The paradox of the superfluous man


This time, I thought I would write about something that we all know and talk about between ourselves, but very rarely do we set these debates in motion, and it seems to me that we should finally do so.


The sport of archery is first and foremost a sport for everyone, there are no age or physical limitations to it, and the only constraints faced by archers are in their minds. I won't go into detail here, further down in the magazine you will read a great article by David McCaffrey about tackling limitations. Today I would like to address the one restraint that we all knew how to handle and ought to deal with - regardless of age or ability, everyone is perfectly equipped to address this annoying phenomenon.


But let's start from the very outset… We all began out once, each of us has learnt how to interact with our fellow competitors - we operate here on many levels: personal (including our sympathies and prejudices), sporting (at club, federation and inter-federation capacity), and the most important, from our point of view, the inner introvert dimension where exist such manifestations as self-esteem (with sense of pride and humiliation) the healthy and unhealthy urge to compete, plus all those shadows compelling man to shape the fate in his own fashion and to his peril.


Oh no! There is no reason to get indignant! Each of us in spirit knows what he is capable of and how far he has come. However, it is not a question of pointing the finger, that will not be here - I am riveted by the anatomy of this process and that is what I will try to discuss.


I have always been interested in the mechanism of self-repression or denial of reality as well as models to implement its imperatives in practice. I'm thinking here of the transition of an idea into physical form - for, as it’s not difficult to guess, in a sport of archery, any deception (cheat) has to end with a physical manifestation. Whether it is the overwriting of a score on a card or a more complex operation designed to lead to victory such as using unmarked arrows or pulling them before scoring, then perhaps the most convoluted and, as far as psychology is concerned, probably the catchiest of all the cases I have come across: the inclusion in a group of inexperienced and unaware archers, who can easily be persuaded to favour the cheater or to take for granted made-up rules.

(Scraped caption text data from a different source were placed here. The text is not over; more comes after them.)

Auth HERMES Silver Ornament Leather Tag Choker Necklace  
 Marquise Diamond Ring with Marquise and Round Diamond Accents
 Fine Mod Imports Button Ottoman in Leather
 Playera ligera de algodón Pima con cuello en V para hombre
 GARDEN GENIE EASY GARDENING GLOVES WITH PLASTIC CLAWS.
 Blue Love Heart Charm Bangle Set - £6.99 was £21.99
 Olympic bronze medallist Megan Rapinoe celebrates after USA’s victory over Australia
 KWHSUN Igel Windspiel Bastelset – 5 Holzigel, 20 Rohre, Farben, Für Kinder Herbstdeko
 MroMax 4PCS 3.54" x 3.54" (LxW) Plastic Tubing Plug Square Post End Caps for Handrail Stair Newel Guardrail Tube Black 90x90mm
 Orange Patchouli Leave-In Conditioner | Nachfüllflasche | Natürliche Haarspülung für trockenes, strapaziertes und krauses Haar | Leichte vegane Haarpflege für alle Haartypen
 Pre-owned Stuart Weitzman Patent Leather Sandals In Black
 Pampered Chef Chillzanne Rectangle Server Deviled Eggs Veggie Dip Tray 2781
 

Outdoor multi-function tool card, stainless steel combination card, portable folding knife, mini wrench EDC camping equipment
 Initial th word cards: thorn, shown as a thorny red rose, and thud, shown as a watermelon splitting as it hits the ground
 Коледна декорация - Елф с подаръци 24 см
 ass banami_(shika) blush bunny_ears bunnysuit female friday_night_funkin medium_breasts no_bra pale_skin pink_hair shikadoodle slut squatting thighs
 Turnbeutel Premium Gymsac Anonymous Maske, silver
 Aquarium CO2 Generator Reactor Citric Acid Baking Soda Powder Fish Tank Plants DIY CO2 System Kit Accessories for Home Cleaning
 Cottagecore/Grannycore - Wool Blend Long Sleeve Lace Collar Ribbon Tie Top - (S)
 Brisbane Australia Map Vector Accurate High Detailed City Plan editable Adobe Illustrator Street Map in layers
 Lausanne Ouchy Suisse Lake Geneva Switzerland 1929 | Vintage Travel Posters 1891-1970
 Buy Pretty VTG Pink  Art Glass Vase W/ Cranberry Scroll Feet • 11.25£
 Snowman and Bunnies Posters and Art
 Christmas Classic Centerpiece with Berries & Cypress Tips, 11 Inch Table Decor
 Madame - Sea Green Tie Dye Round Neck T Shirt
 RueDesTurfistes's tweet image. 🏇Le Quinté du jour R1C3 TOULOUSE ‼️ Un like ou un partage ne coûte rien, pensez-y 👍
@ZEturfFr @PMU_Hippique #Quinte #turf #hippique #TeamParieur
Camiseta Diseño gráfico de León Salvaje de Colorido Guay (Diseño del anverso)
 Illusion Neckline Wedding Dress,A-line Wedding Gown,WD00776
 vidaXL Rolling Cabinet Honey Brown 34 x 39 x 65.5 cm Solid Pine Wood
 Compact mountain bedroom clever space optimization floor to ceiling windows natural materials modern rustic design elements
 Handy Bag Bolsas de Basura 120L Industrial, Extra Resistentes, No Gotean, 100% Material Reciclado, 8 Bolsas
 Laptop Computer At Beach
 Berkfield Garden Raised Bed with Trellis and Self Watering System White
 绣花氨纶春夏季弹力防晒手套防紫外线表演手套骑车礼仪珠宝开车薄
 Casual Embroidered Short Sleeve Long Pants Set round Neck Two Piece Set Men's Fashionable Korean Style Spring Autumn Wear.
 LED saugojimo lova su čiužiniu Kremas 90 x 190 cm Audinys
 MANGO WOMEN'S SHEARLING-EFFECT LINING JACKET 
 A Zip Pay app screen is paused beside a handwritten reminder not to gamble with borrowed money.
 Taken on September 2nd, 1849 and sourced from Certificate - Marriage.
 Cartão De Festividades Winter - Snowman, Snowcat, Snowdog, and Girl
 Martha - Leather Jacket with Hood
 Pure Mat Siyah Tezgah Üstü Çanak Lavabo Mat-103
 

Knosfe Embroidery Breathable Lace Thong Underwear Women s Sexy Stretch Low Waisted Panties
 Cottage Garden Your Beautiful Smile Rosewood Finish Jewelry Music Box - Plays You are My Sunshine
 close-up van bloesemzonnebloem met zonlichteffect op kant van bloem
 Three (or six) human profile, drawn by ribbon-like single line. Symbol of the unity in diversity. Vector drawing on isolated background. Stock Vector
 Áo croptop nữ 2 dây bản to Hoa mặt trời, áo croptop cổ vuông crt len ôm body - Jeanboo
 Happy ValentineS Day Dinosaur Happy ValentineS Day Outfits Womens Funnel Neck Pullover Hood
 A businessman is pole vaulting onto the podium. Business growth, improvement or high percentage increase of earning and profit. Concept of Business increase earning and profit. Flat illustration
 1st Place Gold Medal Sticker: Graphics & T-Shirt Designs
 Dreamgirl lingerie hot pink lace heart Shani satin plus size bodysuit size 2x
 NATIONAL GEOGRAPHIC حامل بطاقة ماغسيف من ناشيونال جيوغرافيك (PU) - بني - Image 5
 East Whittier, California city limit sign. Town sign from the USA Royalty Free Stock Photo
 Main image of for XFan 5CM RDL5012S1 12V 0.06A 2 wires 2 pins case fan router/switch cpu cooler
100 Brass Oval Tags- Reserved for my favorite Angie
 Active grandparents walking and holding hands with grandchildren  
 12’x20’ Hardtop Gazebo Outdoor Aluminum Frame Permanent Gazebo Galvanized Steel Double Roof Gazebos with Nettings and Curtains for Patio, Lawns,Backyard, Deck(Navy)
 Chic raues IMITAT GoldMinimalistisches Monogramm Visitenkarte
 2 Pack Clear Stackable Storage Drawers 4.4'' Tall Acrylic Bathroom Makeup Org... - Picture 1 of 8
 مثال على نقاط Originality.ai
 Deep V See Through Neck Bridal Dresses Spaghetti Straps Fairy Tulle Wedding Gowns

This kind of action requires long-term planning, observation and, if not above all, the determination at the strategic level. All previous instances are based on the impulse principle and are the so-called deaf imperative of the will - nothing more than an electrical stimulus (short circuit in honesty) appearing as quickly as they vanish. Yes, these things are harmful, but not that much so and, what is important, they are easily exposed. On the other hand, the latest example has something of the Machiavellian domain of imagination and in a way is admirable or rather astonishing (admiration though is the misnomer)… My particular interest is in its mental repercussions. I once read a remarkable dissertation by Lev Shestov, "Dostoyevsky and Nietzsche", where the author quite skilfully combined features of the characters from Dostoyevsky's novels and dressed them up with the idea of a superfluous man, whereas Machiavellianism intertwined with Nietzsche's nihilism, creating a terrible hybrid - an individual deprived of all fundamentals. Of course, we understand that in our case it is a generalisation, but the framework of the imperative remains the same - only the scale differs. The superfluous, invisible man is willing to do anything for the world to see and consider him necessary. On a social scale, in a limited environment, this type of individual makes himself apparent rather seldom and is easy to identify - but therein lies the spurious rule, to make oneself known while maintaining a semblance of honesty.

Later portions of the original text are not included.